Pakistan’s tax-to-GDP ratio remains below 10%, among the lowest in the region. The government has pledged to raise this ratio to 14% through tax reforms, digital enforcement, and expanding the tax base.
“First of all, we are providing relief where it is most needed, relief for the salaried class,” Finance Minister Muhammad Aurangzeb, presenting his first full-year budget in the National Assembly, said.
“In this regard, there is a proposition for a significant reduction in the income tax slabs for the working class.”
Aurangzeb said the income tax rate for individuals earning between Rs600,000 and Rs1.2 million ($2,128–$4,255) annually would be cut from 5% to 2.5%.
“For those earning up to Rs22,000,000 [$7,788], the tax rate has been proposed at 11% instead of 15%. Similarly, those who earn a higher salary, there is a proposition of tax reduction,” the finance minister said.
“For those who are earning between Rs22,000,000 [$7,788] up to Rs32,000,000 [$11,328], the tax rate has been proposed to be reduced from 25% to 23%.”
For high-income earners making over Rs10 million ($35,460) annually, a 1% reduction in the additional surcharge has been recommended to help curb the ongoing brain drain, the minister said.
Aurangzeb described the changes as part of broader efforts to simplify the tax structure and “strike a balance between inflationary pressures and take-home pay.”
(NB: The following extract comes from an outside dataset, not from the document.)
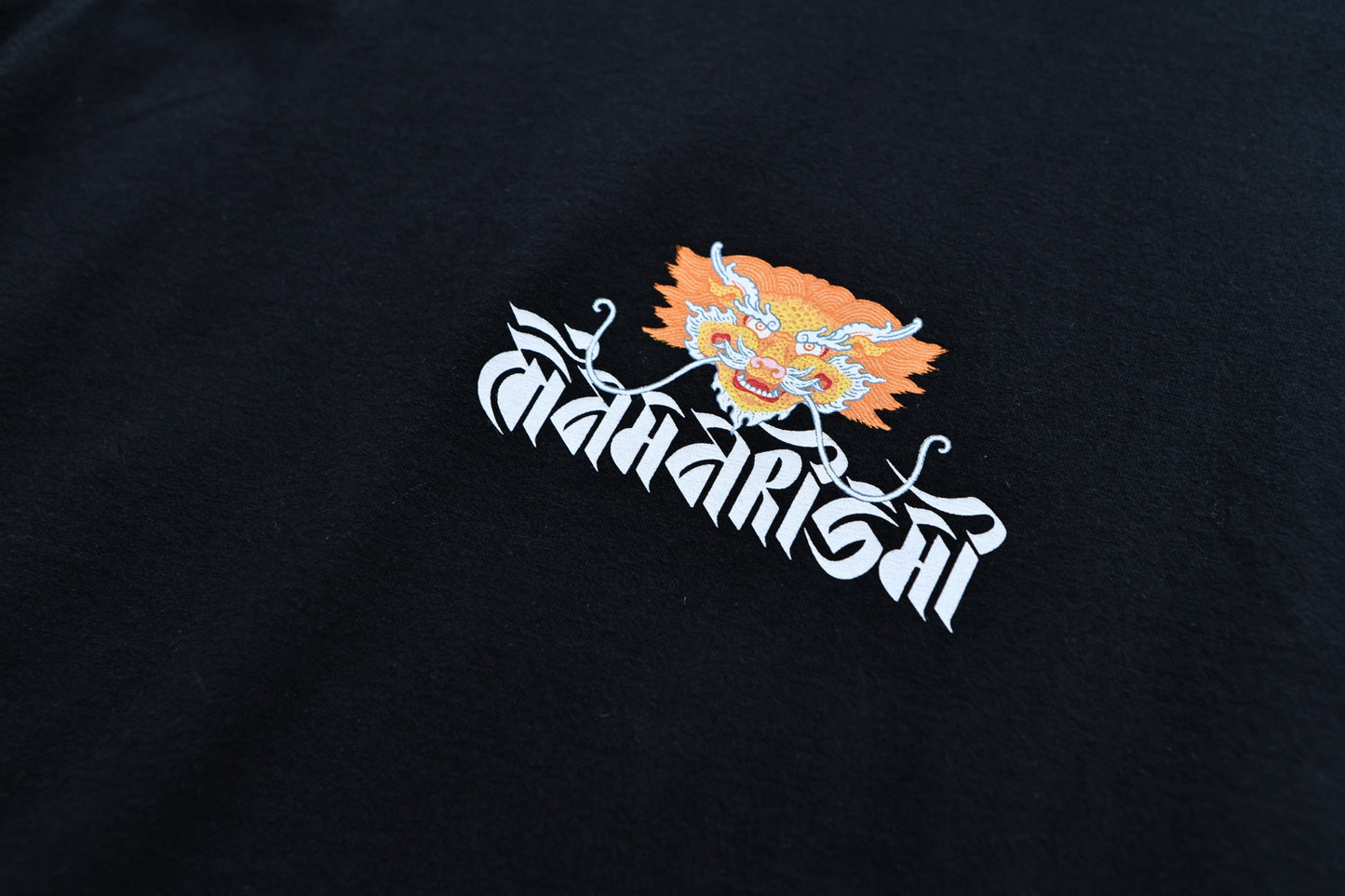 MAHARISHI 1261 ABUNDANCE DRAGON CIRCLE T-SHIRT : BLACK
The federal budget, with a total outlay of Rs17.57 trillion ($62 billion), comes as Pakistan seeks to stabilize its economy under a $7 billion International Monetary Fund (IMF) bailout program approved last year.
The budget also includes a 20% increase in defense spending, while total government expenditure is expected to be 7% lower year-on-year compared to the last fiscal, reflecting fiscal consolidation goals tied to IMF negotiations.
The proposed budget will be debated in parliament before final approval.